The popularity of Google's Chromebook is scaring Microsoft. The company launched a cloudbook category in order to present consumers with an alternative to Chromebooks. 

However, this latest development seems to be a throwback for Microsoft to stop the bleeding of people who've switched out of Windows. Before Chromebooks, there were netbooks and those were popular for a little while before being eclipsed by ultrabooks (ie Macbook Air) and tablets (ie iPad, Galaxy Tab, etc). The market for netbook 1.0 basically went away when the low-end computing chips inside the machines couldn't attract customers away from either tablets or ultrabooks. 

Chromebook is basically netbook 2.0. Whereas netbooks 1.0 used inexpensive chips to lower the cost, it also had to use modified version of the OS to optimize the machines. The result is that using the machine for a variety of tasks actually made it slower. Netbook 2.0 is different in that it's efficiency actually increases with internet access.

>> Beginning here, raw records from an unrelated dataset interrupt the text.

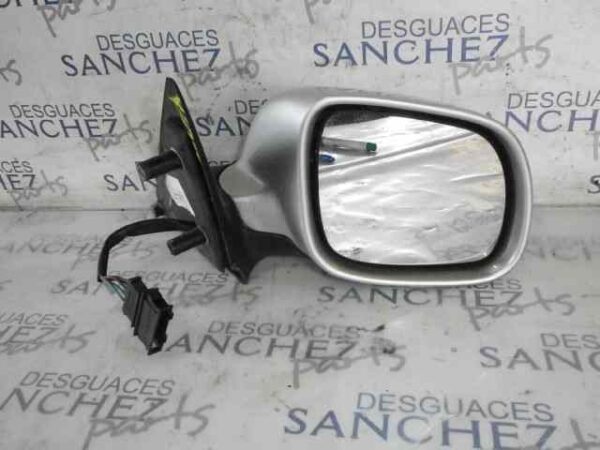 RETROVISOR DERECHO SKODA OCTAVIA BERLINA (1U2) *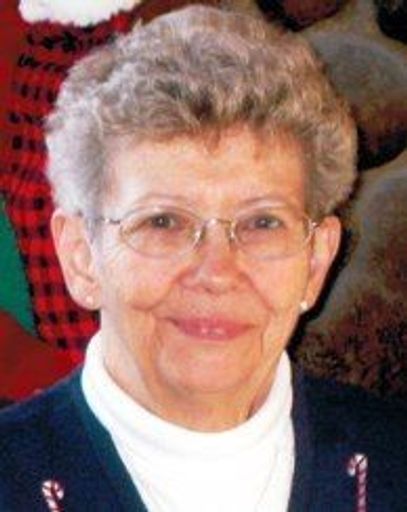 Harriet Amy Anderson Profile Photo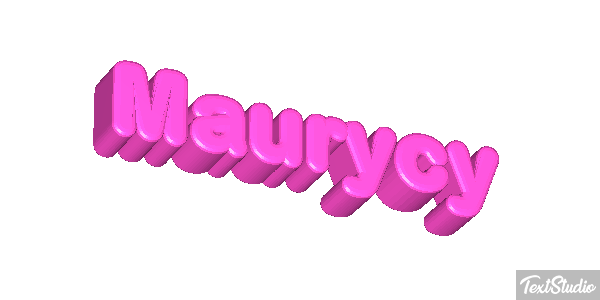 Maurycy Effet de texte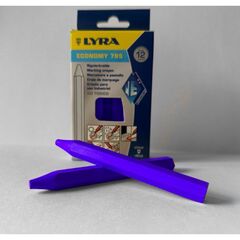  Bestseller Ölkreide 6-eckig, blau 12463395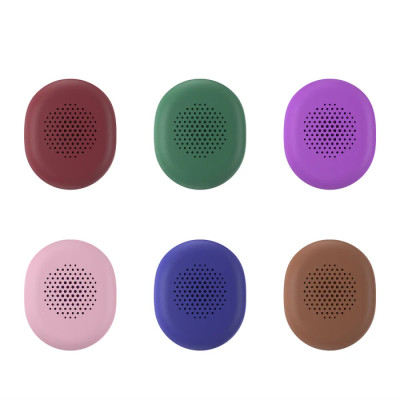 Бездротові накладні навушники ACEFAST H7 active noise reduction wireless headset Pearl white Бездротові накладні навушники ACEFAST H7 active noise reduction wireless headset Pearl white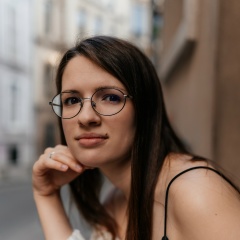 Ирина Роженко, 21.01, Ростов-на-Дону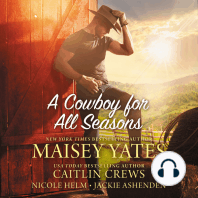 A Cowboy for All Seasons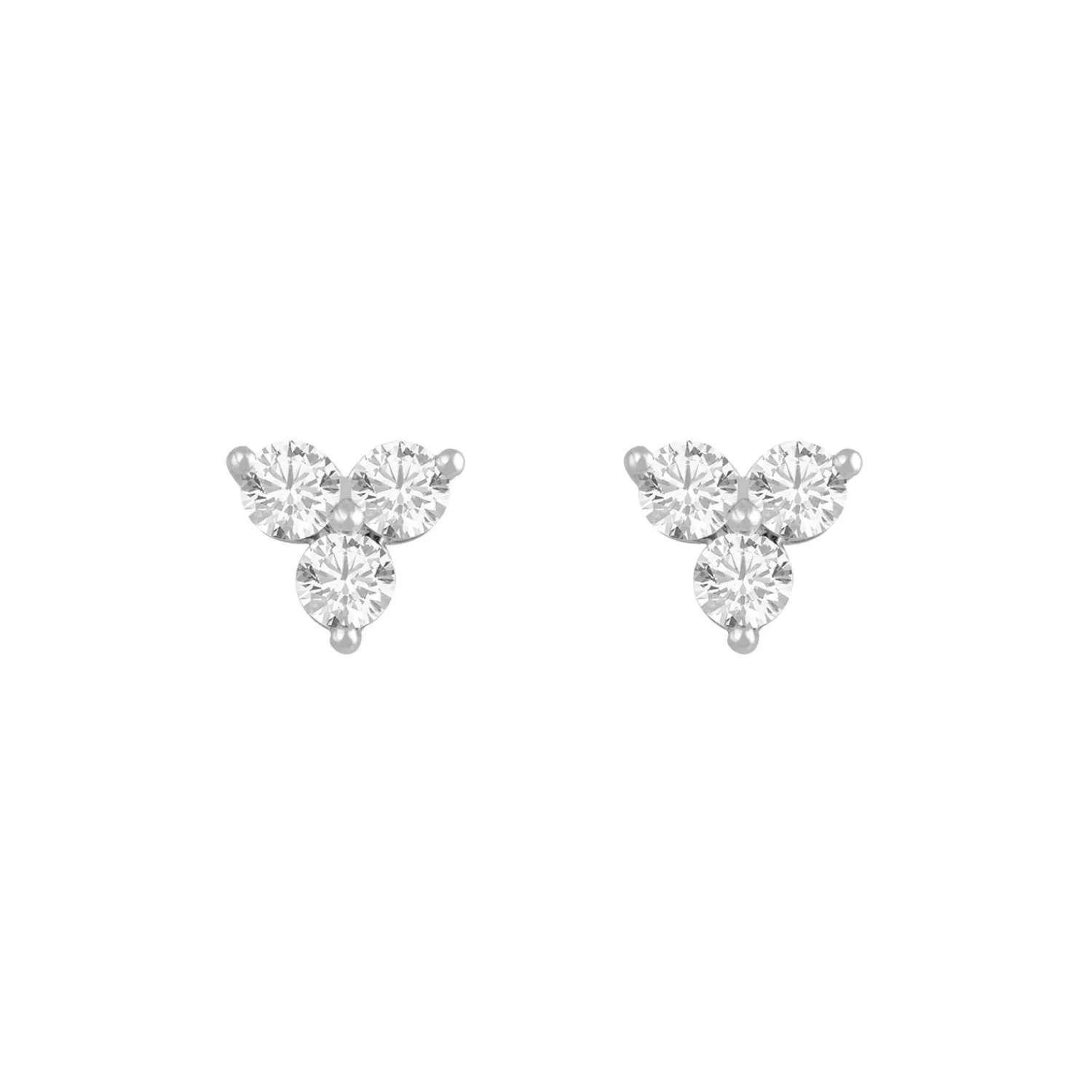 Lee Hwa Jewellery Earrings-CLASSIC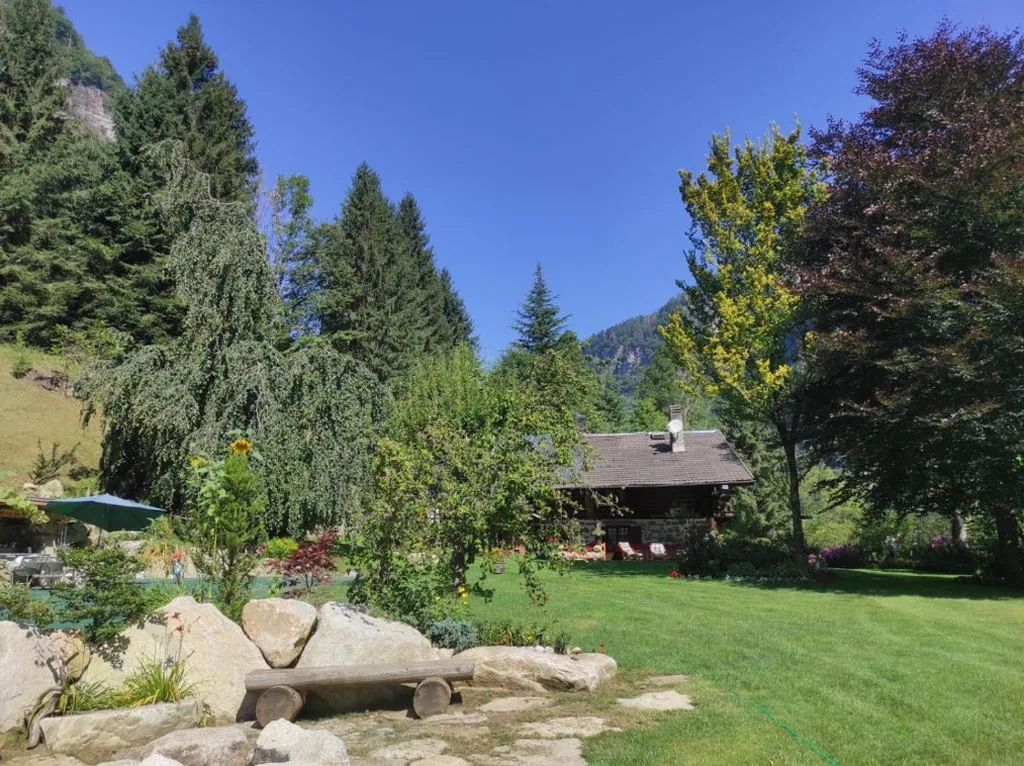 B&B Villa Plaz — foto 6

While I understand the reason for Microsoft to introduce "cloudbooks" to counter the growing popularity of Google's chromebooks, it may end up hurting Microsoft in the long run. 

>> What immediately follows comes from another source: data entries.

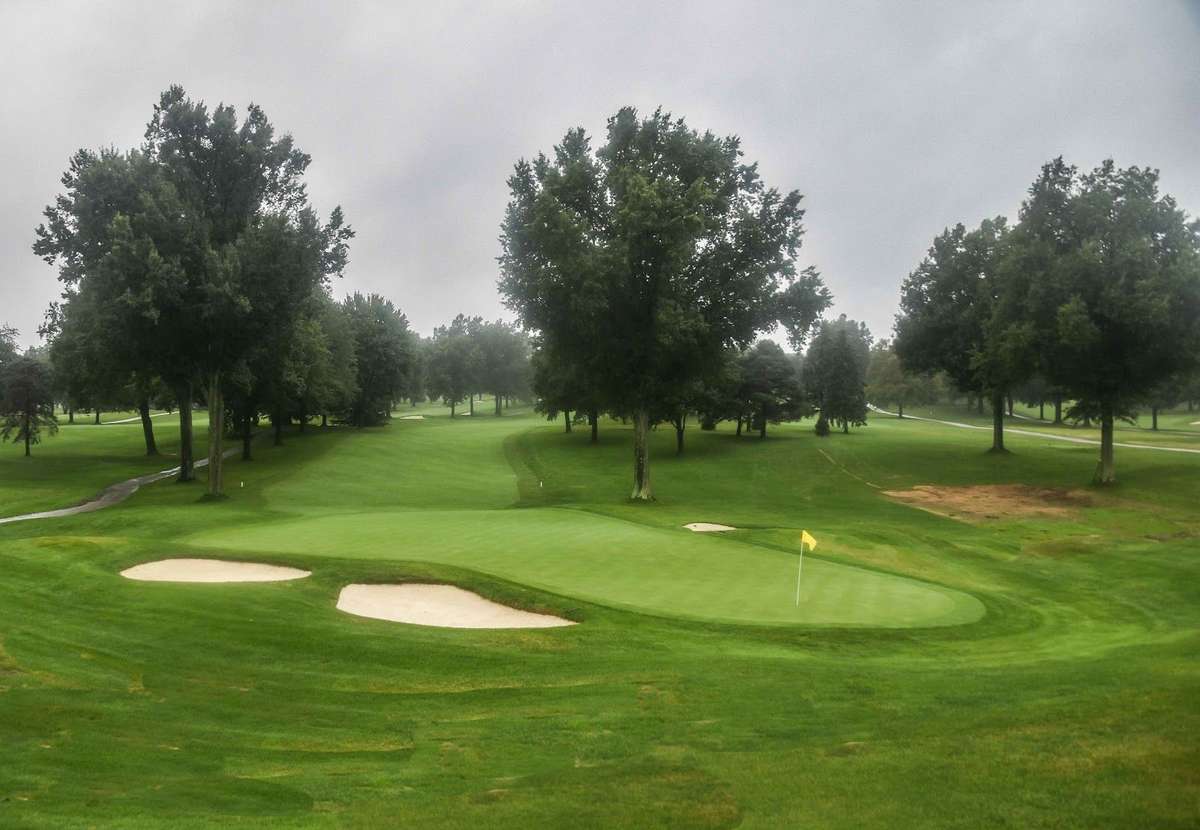 Firestone Country Club (South)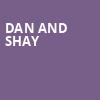 Dan and Shay, The Meadow Event Park, Richmond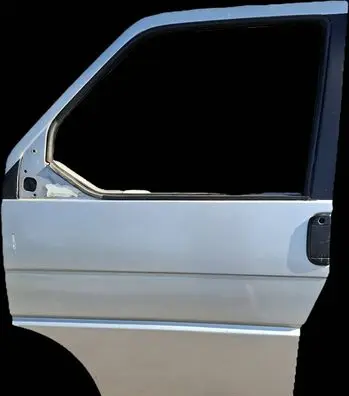 Volkswagen Transporter - Caravelle T4 Front door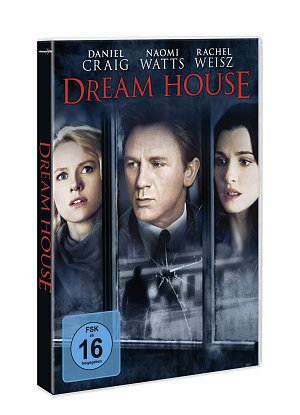 Dream House [DVD]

Launching a different version of Windows would only confuse users as the user experience between the phone, the tablet, the cloudbook, and the desktop are not consistent. This is something that Apple is trying to rectify by slowly merging the iOS and OSX user experience. Granted, Apple's software has been declining in quality, but it's still pursuing the goal of a unified user experience . Google is doing that by providing consistent user experience on various platform (iOS, Android, and Chrome). This leaves Microsoft as the lone provider without a consistent user experience across various platforms. Perhaps this will be rectified in Windows 10, but if it isn't, then they should expect even more exodus of users abandoning the inconsistent, unintegrated software.